Art Works
News:
recently I was invited to show at the Stroud house gallery.
This year my work has focused on the corset as a metaphor for pressures placed on the female consciousness by both society and herself. The tight corset constricts around a female body using steel boning to restrict movement and create a rigid Form that no longer functions naturally but has now become an object primarily for viewing. Over time a tight laced corset literally morphs the ribcage and the upper body into a new shape by moving bones and crushing organs. The Corseted body can be seen in many different ways: as a sexual object, an iconic form, a trapped slave, a bound and tied animal, or a heroine clad in armor. Is a woman’s place here empowering or unconscionable? Possibly both.
Increasingly I feel expected to conform to an unnatural and unrealistic body type or to feel shame otherwise. In the modern day “the corset did not so much disappear as become internalized through diet, exercise, and plastic surgery… the transition from the whale bone corset to the muscular corset.” In my corset series, a group of five oil paintings on canvas, I depict the corset as the physical realization of the pressure I and others feel. My body and my personal collection of corsets are used in my works to emphasize the intently personal nature of this cultural issue.
In the Cornwall Corset series, a collection of 35mm pinhole photographs, I have freed the corset. It becomes part of the natural landscape. Fabric and laces become part of hill and trees or growing on stone. In this context the corset becomes a stand in for the female form and allows the camera to explore body as landscape.
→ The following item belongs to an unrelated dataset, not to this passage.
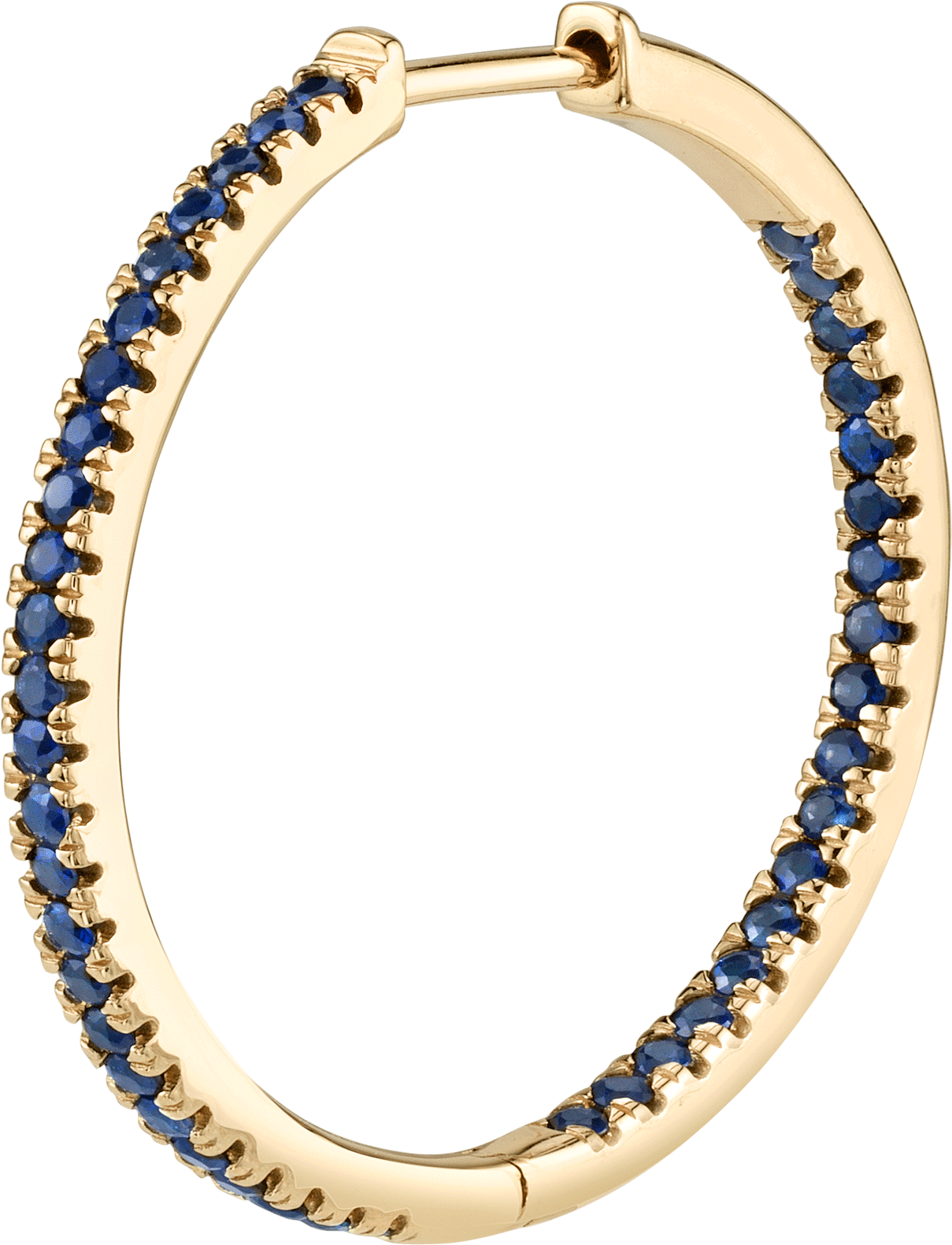 Large Blue Sapphire Inside Out Hoop Earring - Bangle (1800x1800), Png Download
The pinhole allows infinite depth of field, unlike camera lens, which allowed me to push the near and far in the photographs to the extreme.
For these works I continue to draw inspiration from Jenny Saville, for her exploration of body image. Other female artists such as Cathy de Monchaux, Frida Kahlo, and Paula Rego offer their views in my research as well as the feminist art movements. Hans Bellmer’s works on paper and photographs has also been influential. Finally, I have been looking at the history of the corset, it’s place as a garment at the height of fashion in the 1900s, a symbol of female oppression taken up by the dress reform movements, a form of body modification and a modern day symbol of fetish and domination.